Sob a perspectiva governamental, a Substituição Tributária (ST), especialmente na modalidade subsequente (conhecida como “para frente” ou “progressiva”), tem o objetivo de antecipar o recolhimento de tributos em relação a um fato gerador que ainda não ocorreu. Essa abordagem é vista como uma medida eficaz para aumentar a eficiência na arrecadação, ao reduzir a sonegação fiscal. Sob a ótica empresarial, no entanto, esse regime fiscal exige um maior investimento em capital de giro, uma vez que o tributo é recolhido antes mesmo de receberem o valor da venda realizada.

Além dos efeitos negativos para as empresas da antecipação de tributos, a lucratividade do negócio é impactada pelas Margens de Valor Agregado (MVA) estabelecidas pelo órgão fiscal, que funcionam como base para calcular o valor da antecipação do pagamento de ICMS de produtos sujeitos à ST. Quando as empresas não conseguem repassar ao consumidor o valor do bem conforme definido pela MVA, acaba assumindo uma maior carga tributária maior. Esse impacto é sentido no fluxo de caixa e na redução da capacidade de aumentar o capital de giro por meio do autofinanciamento (recursos próprios gerado pelo negócio).

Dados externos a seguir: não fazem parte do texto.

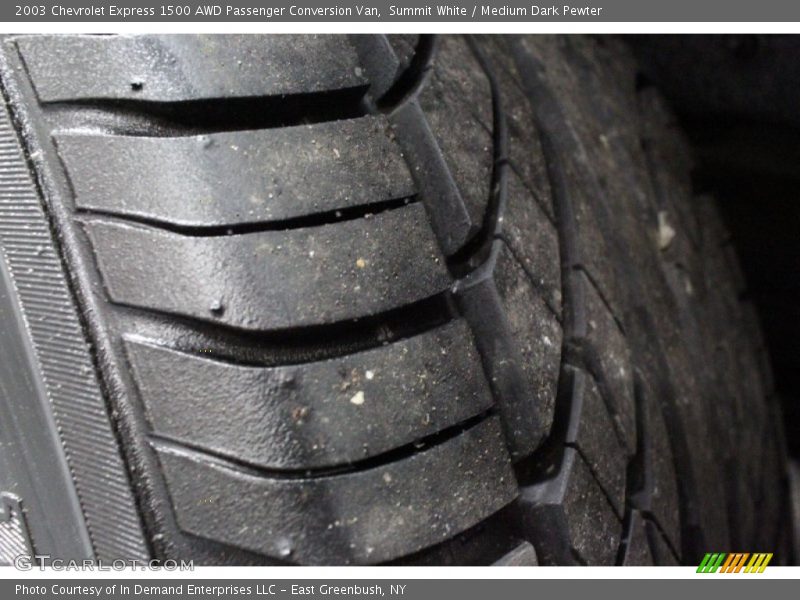 Summit White / Medium Dark Pewter 2003 Chevrolet Express 1500 AWD Passenger Conversion Van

Em ambiente de reforma tributária, especialmente durante a fase de elaboração de novas normas e legislações, emerge uma oportunidade única para um amplo debate sobre os regimes de tributação que afetam adversamente as necessidades de capital de giro e a lucratividade das pequenas empresas. É essencial que as políticas tributárias sejam ajustadas para promover um ambiente mais favorável ao crescimento e sustentabilidade dos negócios de menor porte.